[SPARK-32456][SS][FOLLOWUP] Update doc to note about using SQL statement with streaming Dataset

### What changes were proposed in this pull request? This patch proposes to update the doc (both SS guide doc and Dataset dropDuplicates method doc) to leave a note to check on using SQL statements with streaming Dataset. Once end users create a temp view based on streaming Dataset, they won't bother with thinking about "streaming" and do whatever they do with batch query. In many cases it works, but not just smoothly for the case when streaming aggregation is involved. They still need to concern about maintaining state store. ### Why are the changes needed? Although SPARK-32456 fixed the weird error message, as a side effect some operations are enabled on streaming workload via SQL statement, which is error-prone if end users don't indicate what they're doing. ### Does this PR introduce _any_ user-facing change? No. ### How was this patch tested? Only doc change. Closes #29461 from HeartSaVioR/SPARK-32456-FOLLOWUP-DOC. Authored-by: Jungtaek Lim (HeartSaVioR) <kabhwan.opensource@gmail.com> Signed-off-by: Wenchen Fan <wenchen@databricks.com>
2020-09-10 08:10:32 +00:00 · 2020-09-10 08:10:32 +00:00 · 8f61005723
parent dbc41376de
commit 8f61005723
2 changed files with 6 additions and 0 deletions
--- a/docs/structured-streaming-programming-guide.md
+++ b/docs/structured-streaming-programming-guide.md
@ -861,6 +861,8 @@ isStreaming(df)
 </div>
 </div>

+You may want to check the query plan of the query, as Spark could inject stateful operations during interpret of SQL statement against streaming dataset. Once stateful operations are injected in the query plan, you may need to check your query with considerations in stateful operations. (e.g. output mode, watermark, state store size maintenance, etc.)
+
 ### Window Operations on Event Time
 Aggregations over a sliding event-time window are straightforward with Structured Streaming and are very similar to grouped aggregations. In a grouped aggregation, aggregate values (e.g. counts) are maintained for each unique value in the user-specified grouping column. In case of window-based aggregations, aggregate values are maintained for each window the event-time of a row falls into. Let's understand this with an illustration. 

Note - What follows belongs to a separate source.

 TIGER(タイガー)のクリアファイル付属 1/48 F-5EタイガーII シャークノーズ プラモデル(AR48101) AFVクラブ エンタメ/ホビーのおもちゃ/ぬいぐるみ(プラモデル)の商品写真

--- a/sql/core/src/main/scala/org/apache/spark/sql/Dataset.scala
+++ b/sql/core/src/main/scala/org/apache/spark/sql/Dataset.scala
@ -3131,6 +3131,10 @@ class Dataset[T] private[sql](
   * Returns a new Dataset that contains only the unique rows from this Dataset.
   * This is an alias for `dropDuplicates`.
   *
+   * Note that for a streaming [[Dataset]], this method returns distinct rows only once
+   * regardless of the output mode, which the behavior may not be same with `DISTINCT` in SQL
+   * against streaming [[Dataset]].
+   *
   * @note Equality checking is performed directly on the encoded representation of the data
   * and thus is not affected by a custom `equals` function defined on `T`.
   *